Дважды мы пересекали сушу, от реки к реке, волокли корабли по земле, встречая других шведов. Понемногу я учу их язык и довольно сносно разговариваю. Там, на остановках, Олег пил какой-то желтый пенистый напиток, возвращался в нашу постель пьяным и тут же засыпал. Там, на остановках, все корабелы принимали ванны, и меня тоже втащили туда.

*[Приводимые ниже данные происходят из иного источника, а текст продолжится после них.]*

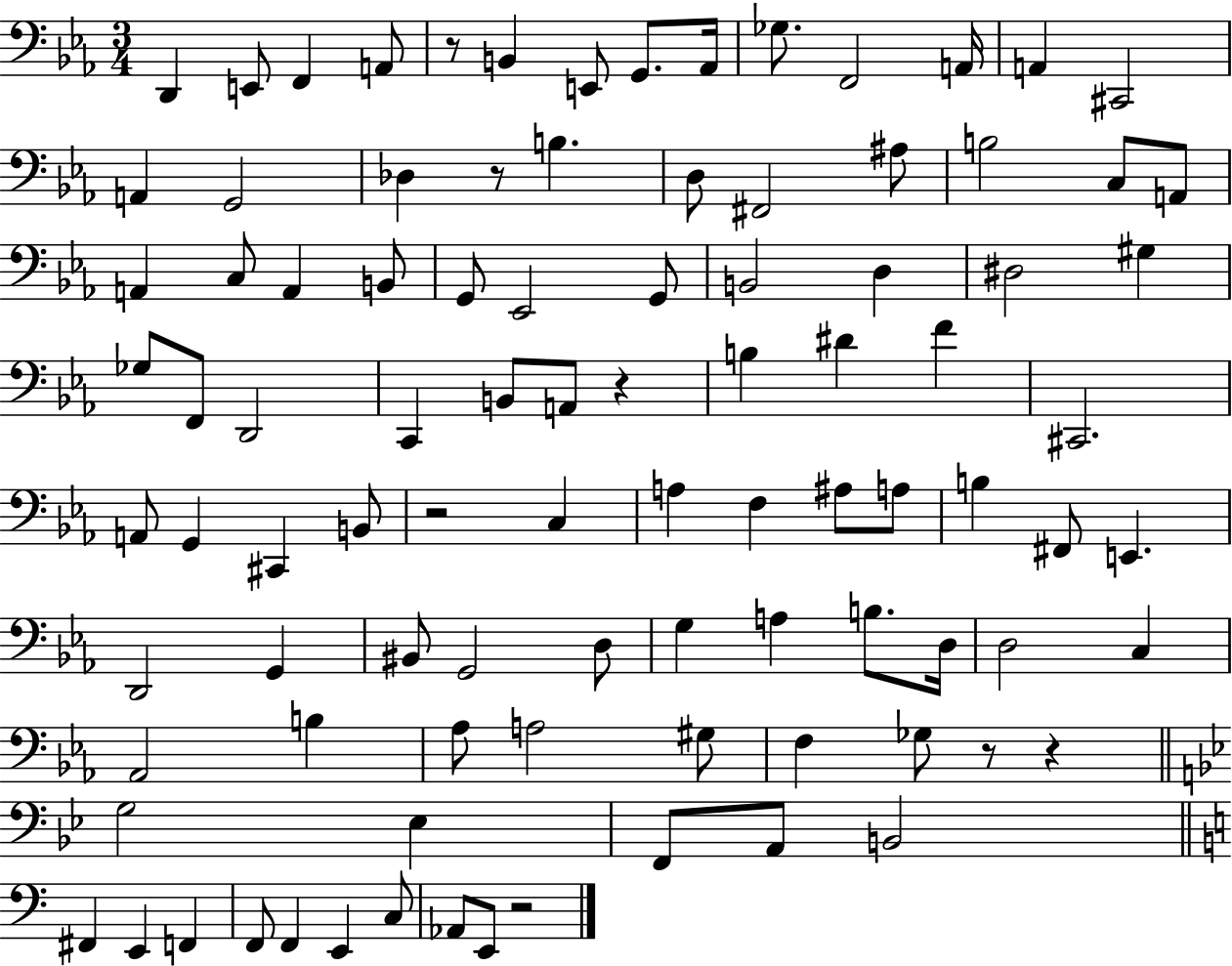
D2/q E2/e F2/q A2/e R/e B2/q E2/e G2/e. Ab2/s Gb3/e. F2/h A2/s A2/q C#2/h A2/q G2/h Db3/q R/e B3/q. D3/e F#2/h A#3/e B3/h C3/e A2/e A2/q C3/e A2/q B2/e G2/e Eb2/h G2/e B2/h D3/q D#3/h G#3/q Gb3/e F2/e D2/h C2/q B2/e A2/e R/q B3/q D#4/q F4/q C#2/h. A2/e G2/q C#2/q B2/e R/h C3/q A3/q F3/q A#3/e A3/e B3/q F#2/e E2/q. D2/h G2/q BIS2/e G2/h D3/e G3/q A3/q B3/e. D3/s D3/h C3/q Ab2/h B3/q Ab3/e A3/h G#3/e F3/q Gb3/e R/e R/q G3/h Eb3/q F2/e A2/e B2/h F#2/q E2/q F2/q F2/e F2/q E2/q C3/e Ab2/e E2/e R/h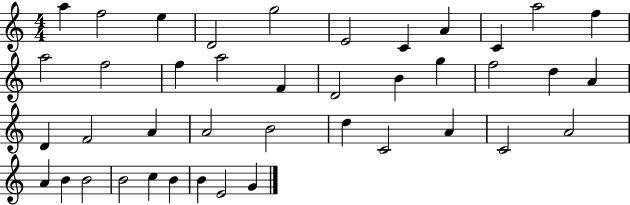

Олег ни разу не бил меня. Добрались мы до моря, и его пересекли в бурю и сильный ветер. Всю дорогу по морю у меня была рвота, но Олег не сердился. Он смеялся, когда я во время рвоты я перегибалась через борт. Теперь мне не болит, когда он любит меня. Пришло время к этому привыкнуть, разве не так? Причалили мы к берегам Швеции, и все мужчины сошли с кораблей, поцеловали землю и каждый принес служанку в жертву богам, и среди них болгарку Софи Розано, которая никогда не поднимала глаз от кастрюль на кухне.

Ждали мы почти две недели, пока не пришли нас встретить какие-то царедворцы, принц, и сам король, они сидели с Олегом, и Одином, и другими, и говорили о хазарах. Один дал им карты и списки сел. Затем закатили великий пир. Съели горы мяса, шуты, фокусники, танцовщицы развлекали всех, и была потрясающая музыка. Никогда еще не видела такого оркестра. Никогда еще не видела короля. Но несмотря на всех этих полуобнаженных танцовщиц с оголенными животами и огромной грудью, Олег смотрел только на меня, сидя за королевским столом. Почему он так сильно меня любит? Никогда меня так не любили. Будет ли он всегда меня любить? Что будет, когда я постарею и разжирею? Только не это, только чтобы не сделал со мной то, что сделал со своей женой. Но он все время говорит, что не сделает этого, что я другая, что нечего сравнивать, что мной околдован и должен выдать из себя все доброе, что в нем есть. Он говорит, что не может устоять перед желанием быть со мной добрым. И он действительно очень добр ко мне.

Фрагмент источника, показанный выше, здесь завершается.